In clouds at medium altitudes with temperatures below 0°C, the water droplets remain in a supercooled liquid phase. Only at temperatures below -35°C pure water droplets and supercooled liquid aerosol particles spontaneously freeze and form ice particles (homogeneous freezing).
At temperatures between 0 and -35°C, the freezing of supercooled cloud droplets can be induced by certain solid aerosol particles, so-called ice nuclei (IN). The heterogeneous ice nucleation is induced by a particle immersed in the droplet (immersion mode) or colliding with a droplet (contact mode). The same particle can first act as CCN and then as IN (condensation mode). The direct deposition of water vapour to the surface of a solid particle is called deposition mode ice nucleation.

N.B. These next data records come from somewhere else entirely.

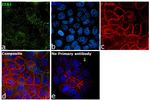 EEA1 Antibody in Immunocytochemistry (ICC/IF)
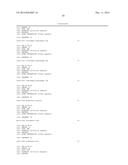 Genetic Marker for Detection of Human Papillomavirus diagram and image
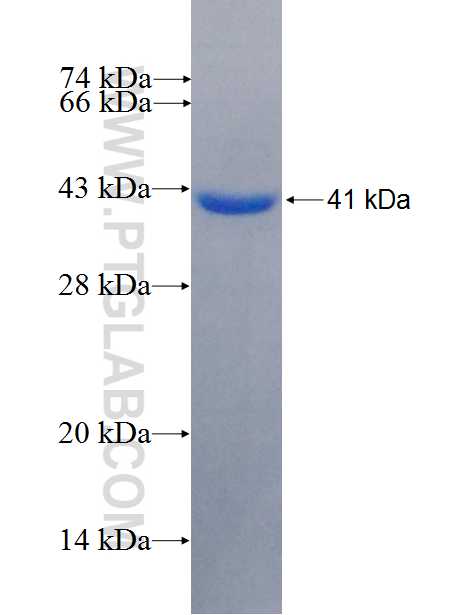 CCNG2 fusion protein Ag26627 SDS-PAGE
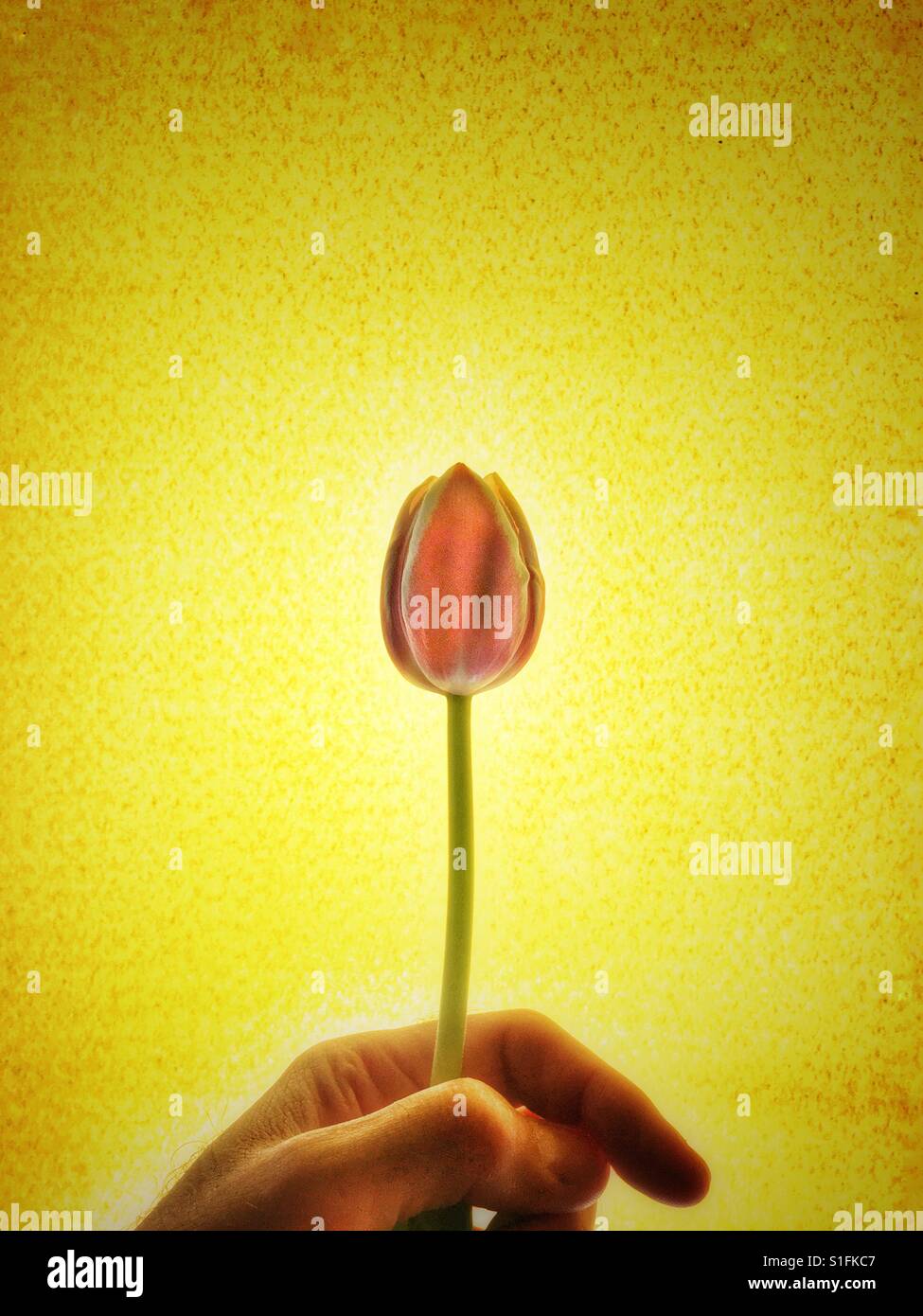 Rote Tulpe statt meine männliche Hand vor einen strukturierten Hintergrund gelb - Smartphone-aufgenommenes Stockfoto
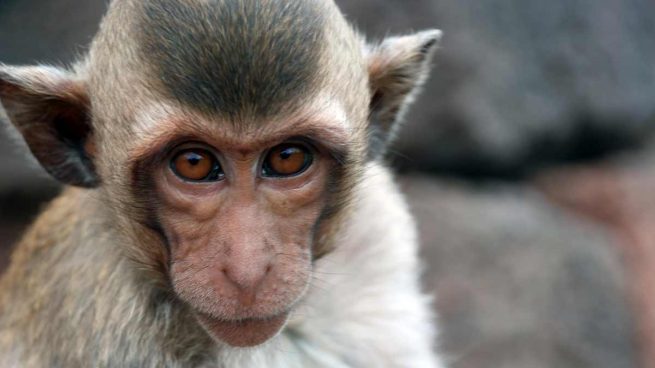 Twitter: Unos monos roban muestras de coronavirus a un investigador en plena calle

The number of ice crystals in mixed-phase clouds is typically much smaller than the number concentration of droplets. The ice crystals, however, grow to larger sizes in expense of the liquid droplets (Bergeron-Findeisen process). The ice initiation and related secondary effects like riming forms mixed-phase clouds with rapidly changing internal structure which affects the cloud cooling and warming capabilities. In many cloud cases, ice formation also initiates precipitation events. The IN efficiency of aerosol particles sensitively depends on their physical and chemical surface characteristics.